Comme toujours, l’album est moins simple qu’il peut paraître à la première écoute. On reste dans le domaine du blues et de la soul, mais le ton général semble plus apaisé, ou moins sombre, que ce que tu as souvent fait dans le passé…
Je crois effectivement que cet album inaugure une nouvelle direction pour moi. La musique et les textes sont plus optimistes et positifs, ou moins pessimistes, disons… C’est comme regarder ce qui m’entoure avec une nouvelle paire de lunettes. Avec tout ce que nous avons traversé ces dernières années, je ne voulais pas écrire des chansons sombres. Dans ma musique comme dans ma vie, j’ai commencé à considérer les choses sous un autre angle et cherché à m’aventurer sur de nouveaux territoires.
Le titre Hall Of Future Saints évoque néanmoins le passé, ta vie de musicien et tes influences.
En fait, il s’agit d’un rêve. Mais j’ai cherché à lui donner une certaine signification. Je me dis que ma vie est peut-être un rêve. J’éprouve ce sentiment des temps en temps.
Sur cet album, ou même sur tous les projets que tu entreprends, tu as un plan assez précis, ou tu laisses une large place à l’imprévu ?

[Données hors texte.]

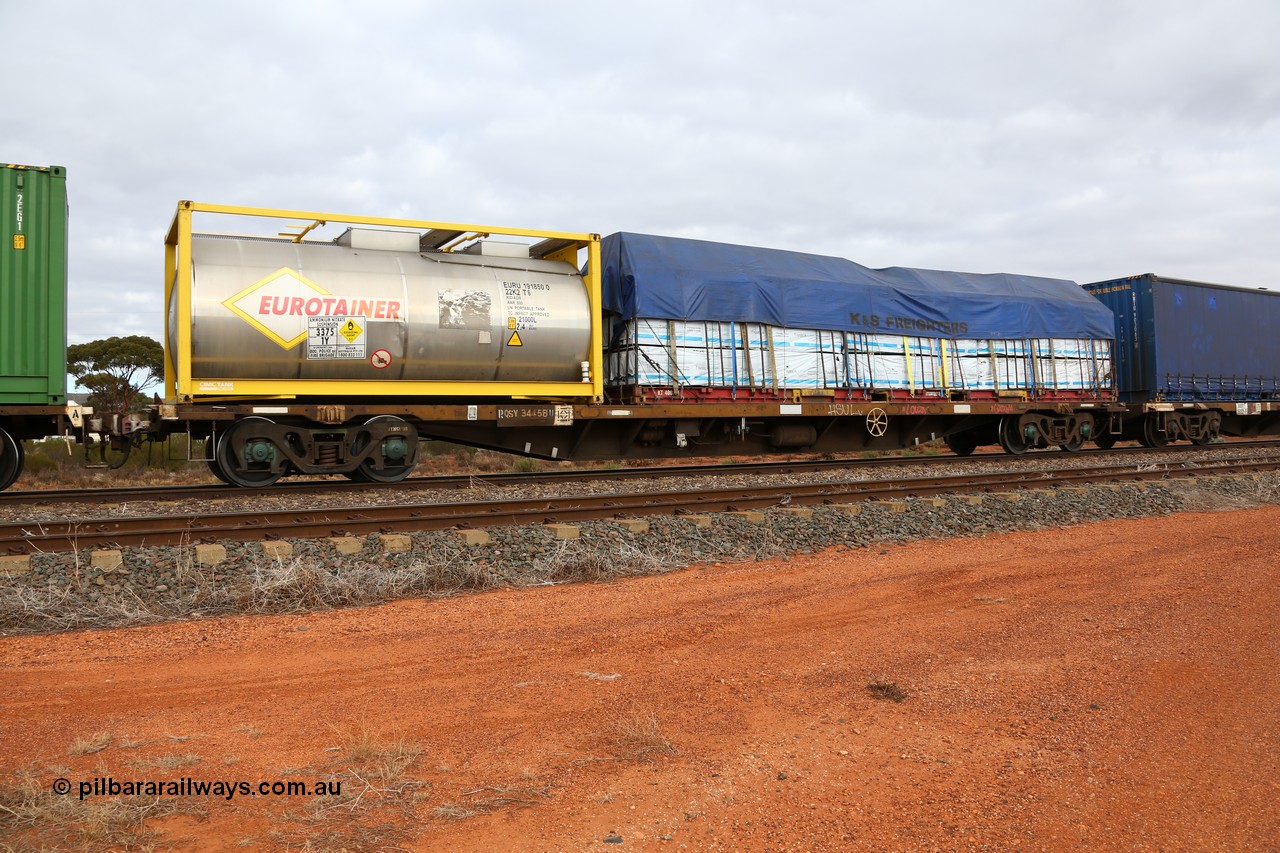 160529 8779
Parkeston, 6MP4 intermodal train, RQSY 34458 one of one hundred OCY type container flat waggons built by Tulloch Ltd NSW in 1974/75, recoded to NQOY, then NQSY. Loaded with a 20' CIMC Tank built Eurotainer ISO tanktainer 22K2 type EURU 191850 for ammonium nitrate solution and a 40' K&S flat rack KT 400201 with a tarped load of timber products.
Keywords: RQSY-type;RQSY34458;Tulloch-Ltd-NSW;OCY-type;NQOY-type;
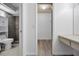 Hallway view into the bathroom, walk-in closet, and vanity at 2063 Ridgecrest Dr, Dunedin, FL 34698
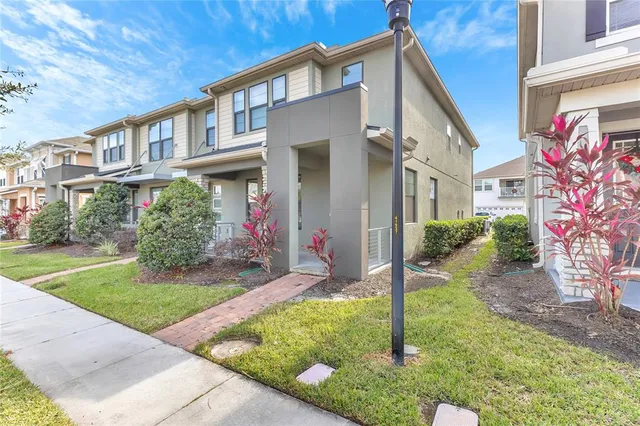 a front view of a house with garden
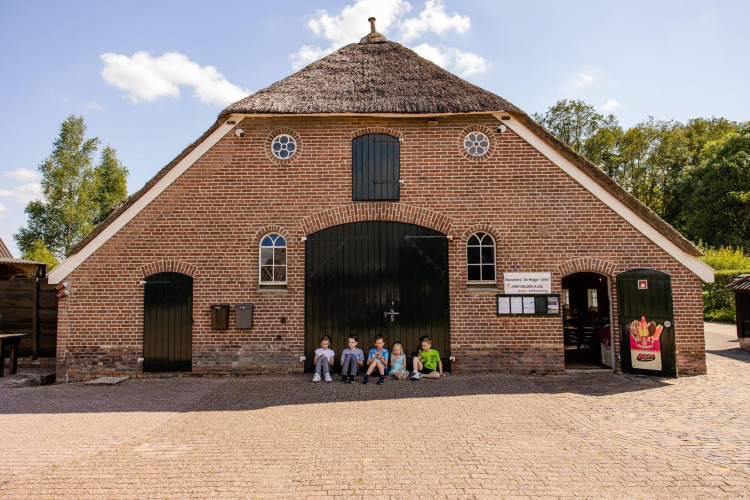 Children sit in front of a rustic thatched-roof building at a glamping site under a sunny sky.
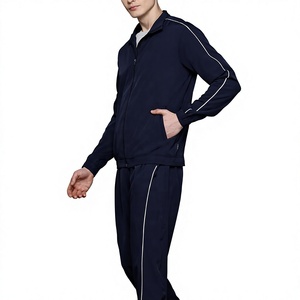 Ensemble de survêtement blanc personnalisé avec fermeture éclair intégrale, veste de survêtement à col montant et fermeture éclair contrastante orange, et pantalon de jogging - Product Image 4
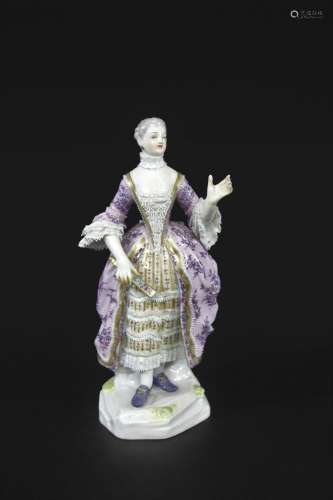 MEISSEN FIGURE OF A LADY a late 19thc figure of a lady holdi...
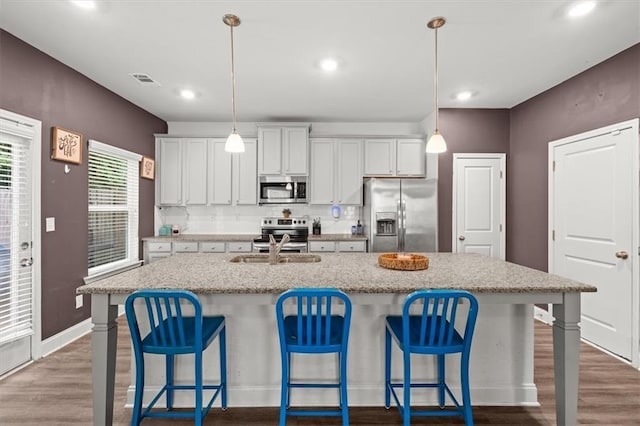 560 Vandenburg Dr, Villa Rica, GA 30180 - kitchen with stainless steel appliances, wood finished floors, a kitchen island with sink, backsplash, and a kitchen bar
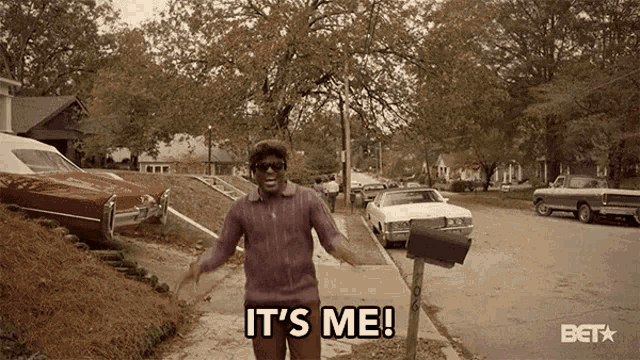 a man in a purple sweater is standing in front of a mailbox and says it 's me .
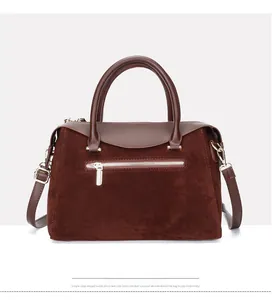 Detail of vintage suede and leather Boston bag with metallic zipper and gold hardware
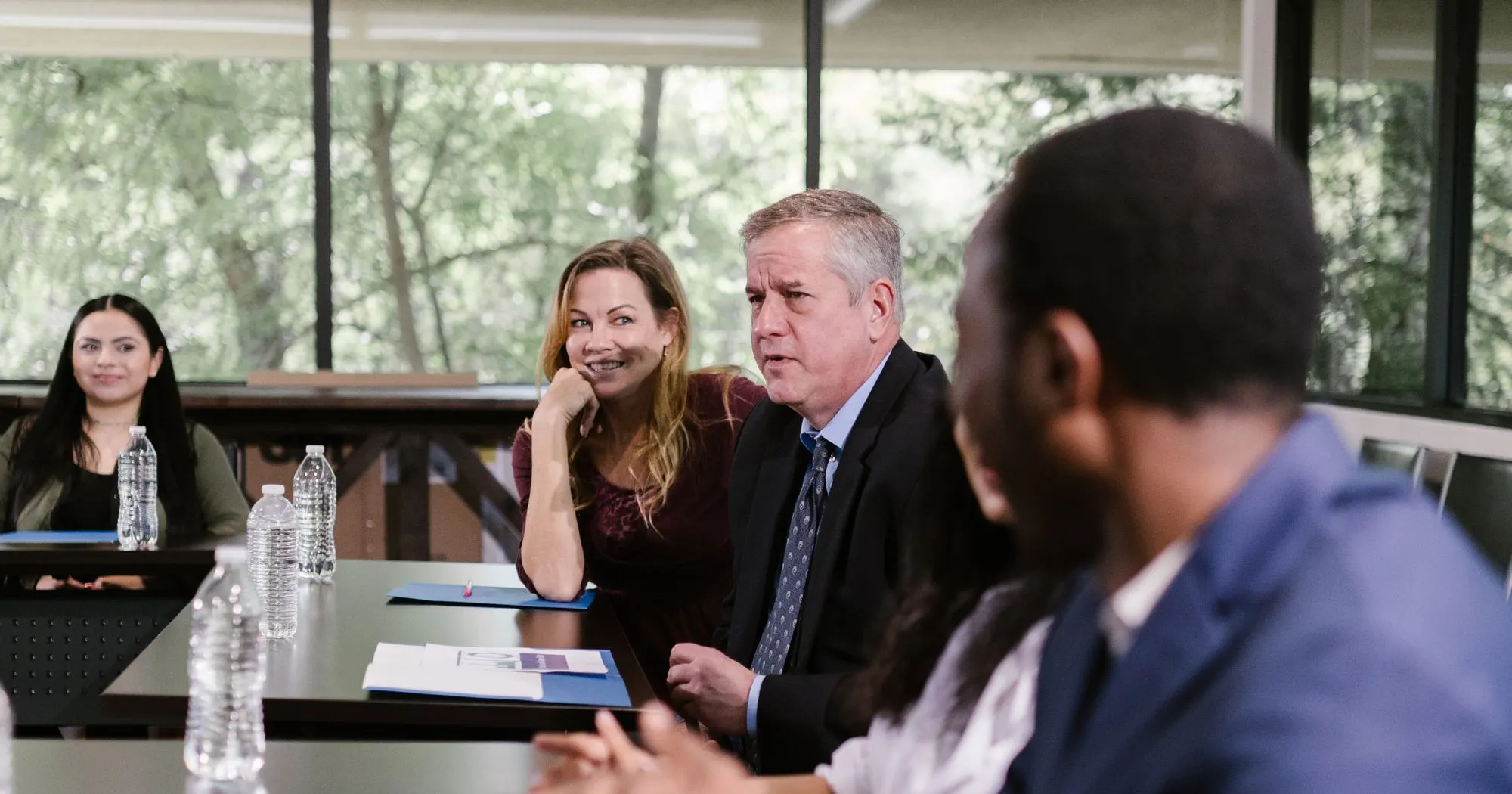 Colleagues around a meeting table by a window, listening as one of them speaks.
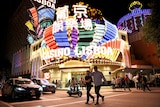 Two people walk in a street at night in front of a bright casino with colourful lights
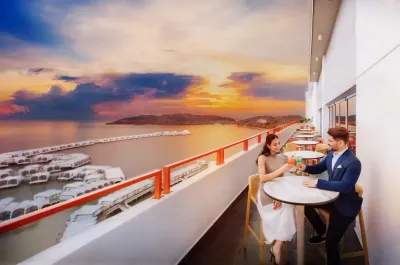 Couple toasting drinks in the resort bar - Lexis Hibiscus Port Dickson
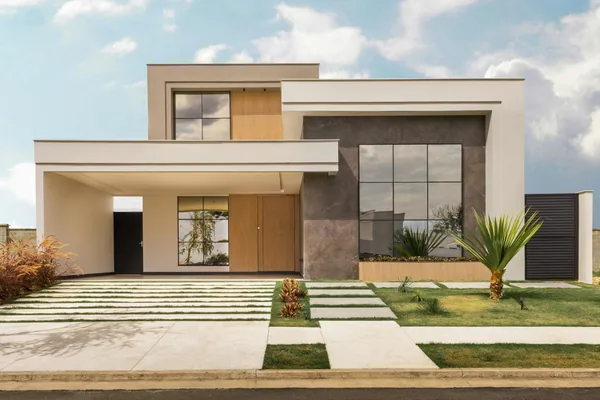 Modern residential home exterior with large windows and clean glass panels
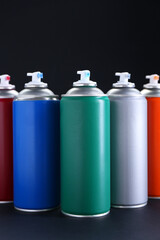 Canvas Print - Many spray paint cans on dark gray background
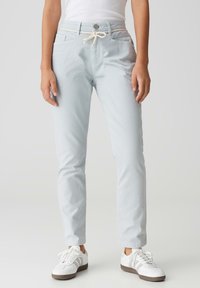 Pantalons en coton bleu clair, effilés, avec une taille à cordon de serrage, poches avant, et assortis à des baskets blanches. Texture lisse et coupe décontractée.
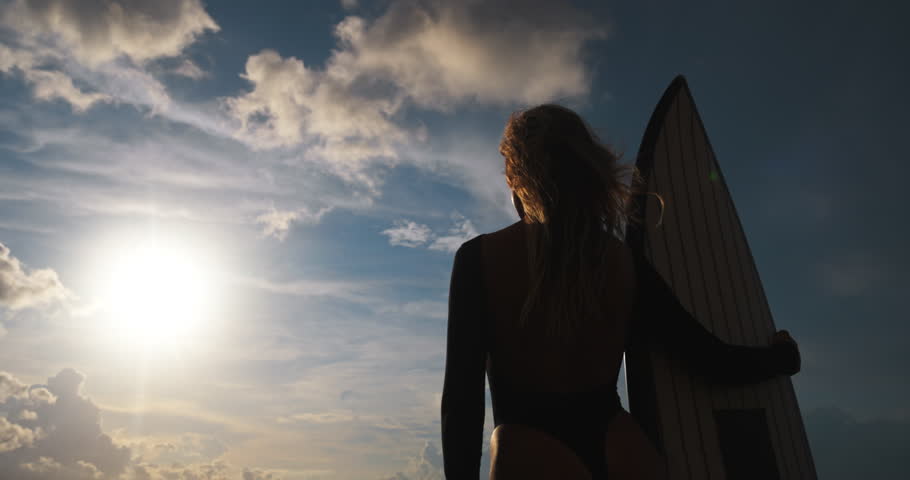 Dreamy romantic surfer woman enjoys amazing moment spent on sunny beach. Silhouette of woman dreamily looking into distance at setting sun, low angle rear view. Silhouette of woman with surfboard.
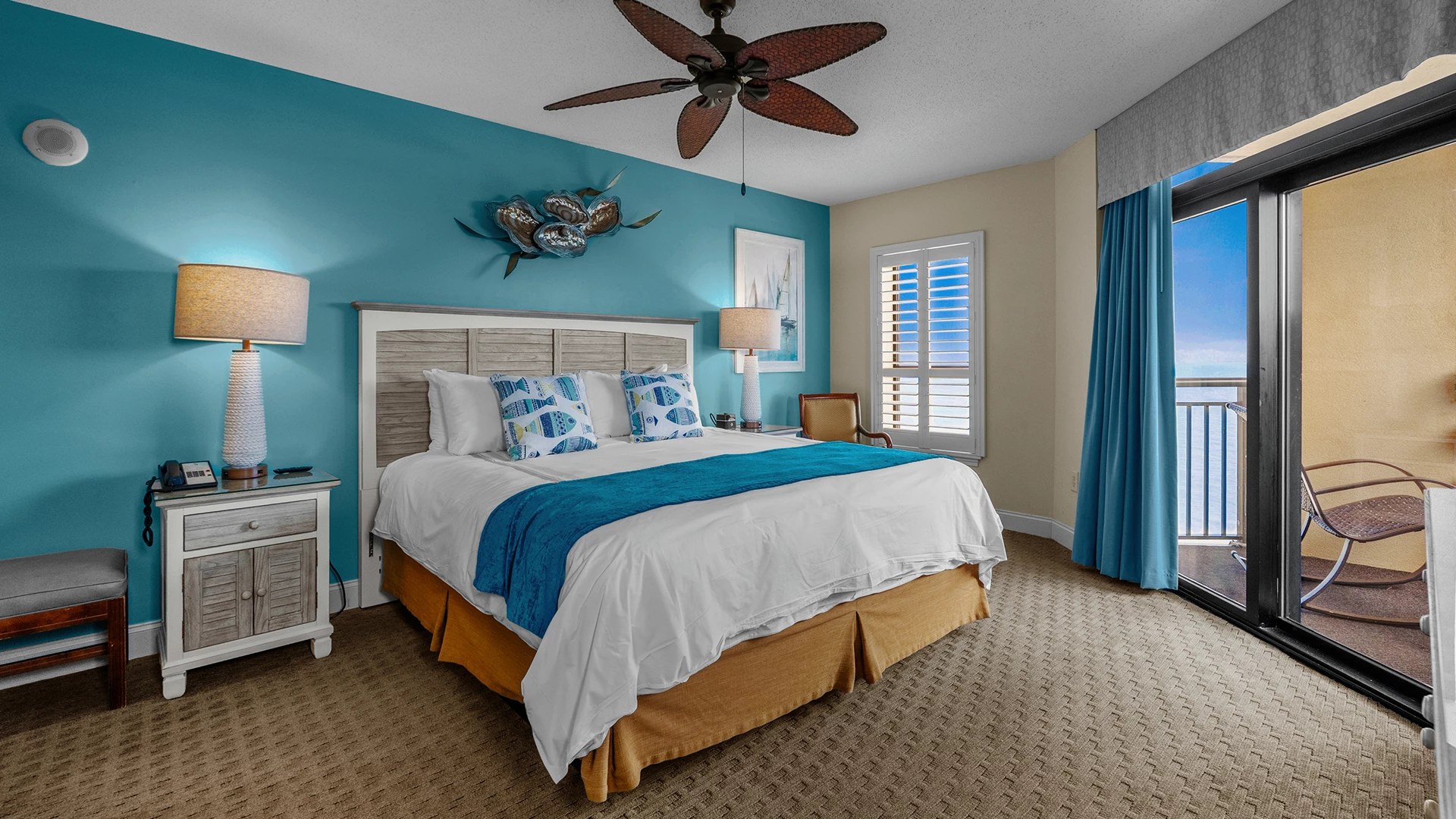 A hotel room with a blue accent wall, white bedding, and a ceiling fan.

Je dirai que je sais plus ce que je ne veux pas faire avant de me lancer. Là, je voulais être différent, de Govt’ Mule, bien évidemment, mais aussi de mes autres albums solo. Mais c’est lors du travail d’écriture que j’ai plus ou moins eu une vision générale de ce que j’allais enregistrer. Plusieurs morceaux avaient une sorte de tonalité « Muscle Shoals » (le studio mythique de Sheffield, en Alabama, plutôt spécialisé dans la soul ou le R&B, NDR). Je voulais explorer une veine que je qualifierai de country soul. Mais, au fur et à mesure que j’ajoutais de nouvelles chansons, l’ensemble prenait une nouvelle tournure. De plus, j’étais curieux de voir ce que ma nouvelle équipe de musiciens. Je n’ai quasiment pas fait de maquettes cette fois, contrairement à mes habitudes. Je présentais juste une ou deux fois mes chansons et on élaborait ensuite ensemble leur forme définitive. J’ai adoré procéder ainsi. Lorsque l’on travaille avec des excellents musiciens, il est primordial de les laisser interpréter leurs parties comme ils l’entendent.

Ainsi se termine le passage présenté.